_EXERCISE DESCRIPTION_
Find "Download Animal Horse PFP", then copy its line and every later line of the entries exactly through the end, leaving all pictures out.

_MATERIAL SUPPLIED_
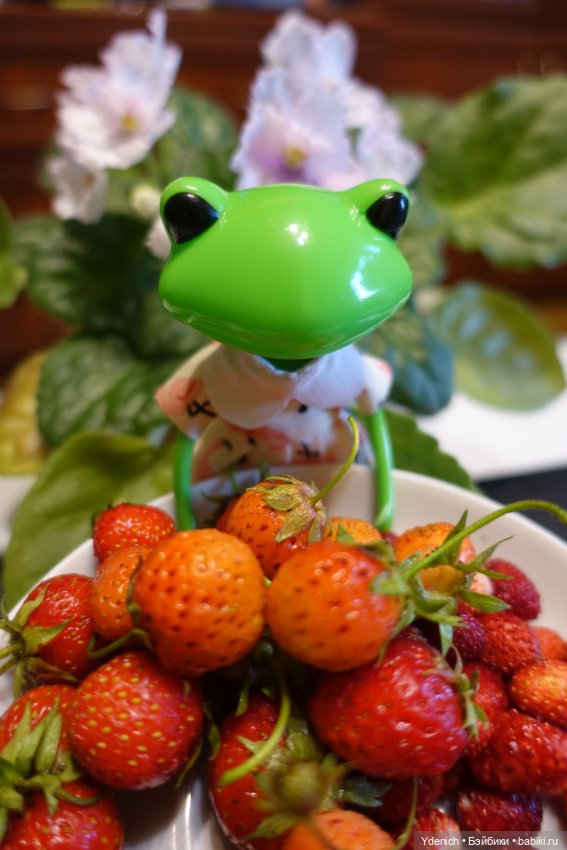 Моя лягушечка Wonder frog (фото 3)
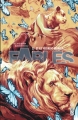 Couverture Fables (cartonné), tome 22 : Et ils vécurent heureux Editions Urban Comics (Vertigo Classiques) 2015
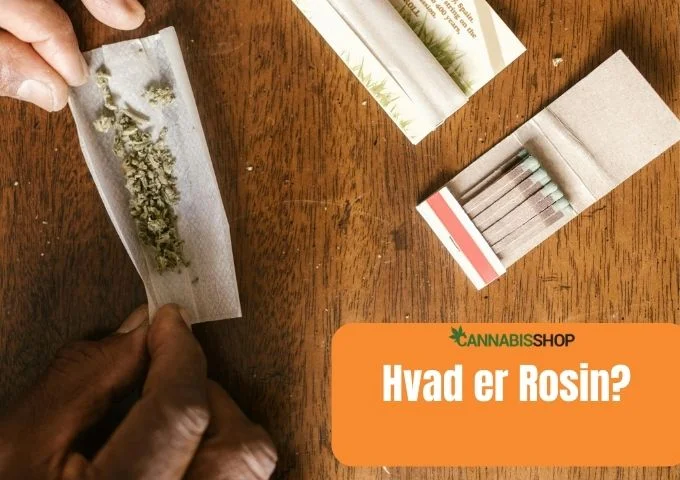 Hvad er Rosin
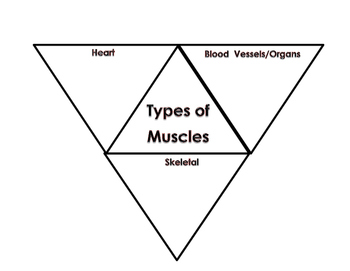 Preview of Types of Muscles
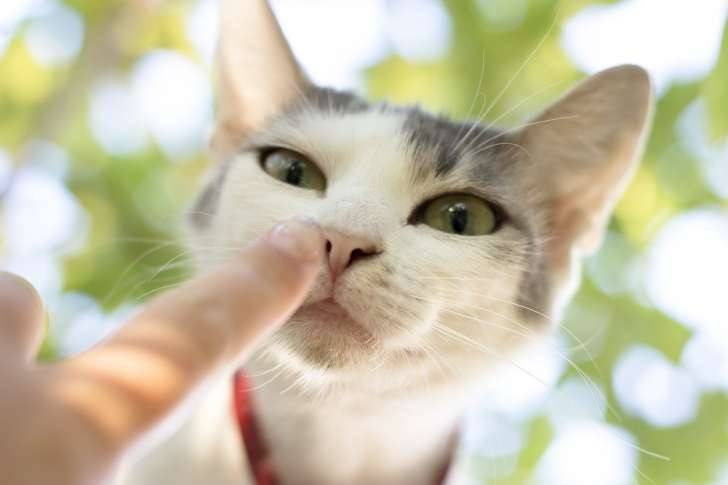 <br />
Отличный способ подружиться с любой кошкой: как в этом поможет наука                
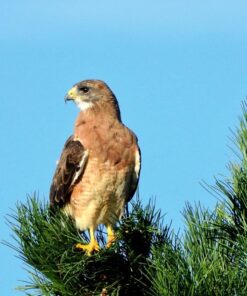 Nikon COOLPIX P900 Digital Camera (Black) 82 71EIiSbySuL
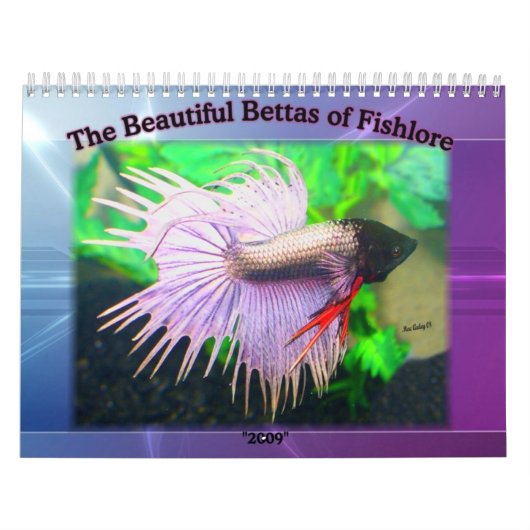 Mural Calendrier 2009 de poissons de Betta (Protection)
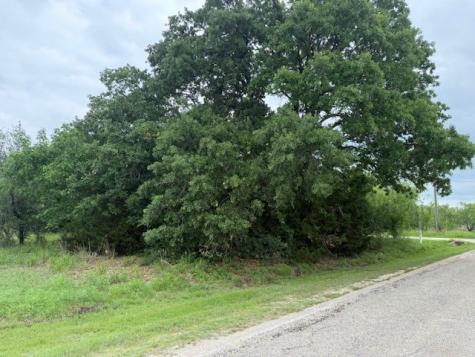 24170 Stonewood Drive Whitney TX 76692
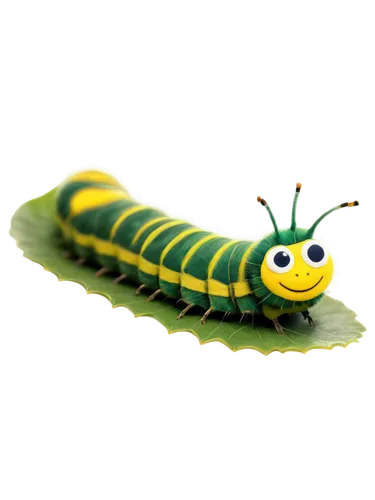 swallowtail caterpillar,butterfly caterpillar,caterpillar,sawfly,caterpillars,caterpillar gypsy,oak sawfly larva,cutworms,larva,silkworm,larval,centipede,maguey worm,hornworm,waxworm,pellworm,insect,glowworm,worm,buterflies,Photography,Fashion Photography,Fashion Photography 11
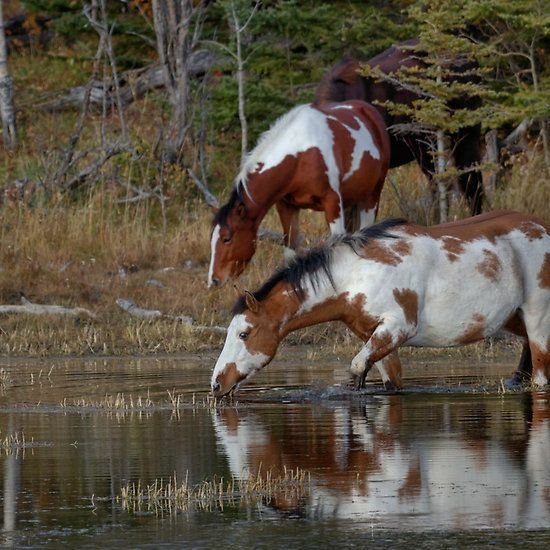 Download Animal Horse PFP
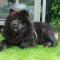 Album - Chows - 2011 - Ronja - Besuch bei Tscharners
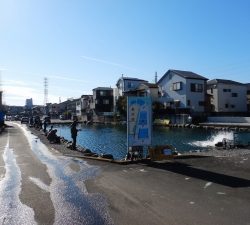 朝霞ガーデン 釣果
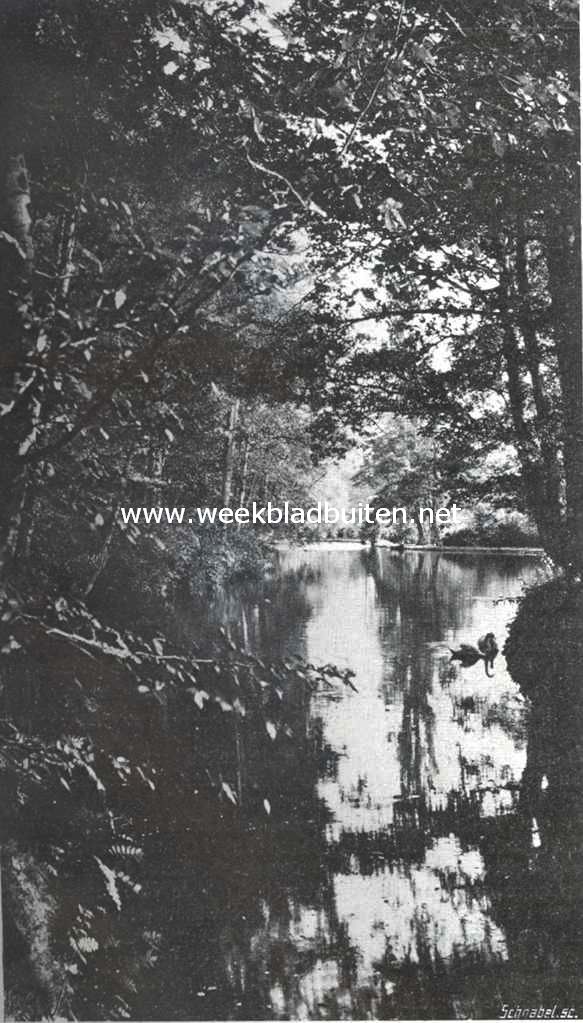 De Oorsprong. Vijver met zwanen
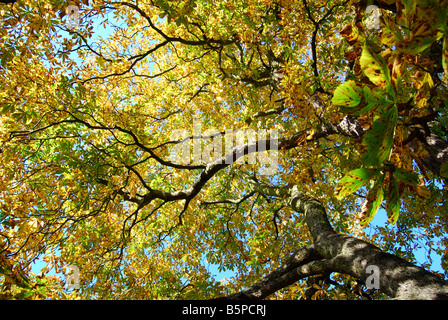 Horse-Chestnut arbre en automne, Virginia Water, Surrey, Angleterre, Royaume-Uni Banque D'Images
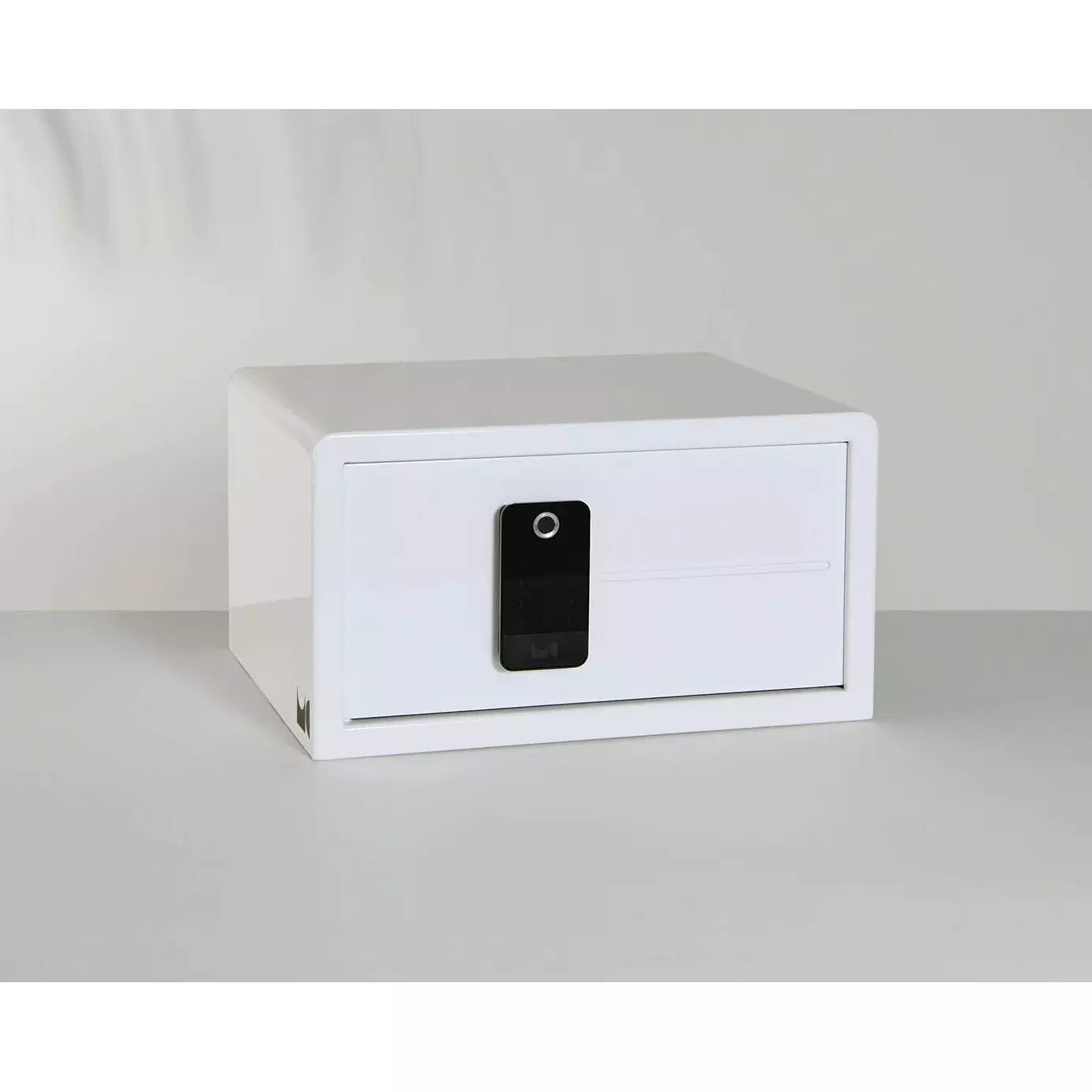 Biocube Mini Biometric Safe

_ANSWER TO THE EXERCISE_
 Download Animal Horse PFP
 Album - Chows - 2011 - Ronja - Besuch bei Tscharners
 朝霞ガーデン 釣果
 De Oorsprong. Vijver met zwanen
 Horse-Chestnut arbre en automne, Virginia Water, Surrey, Angleterre, Royaume-Uni Banque D'Images
 Biocube Mini Biometric Safe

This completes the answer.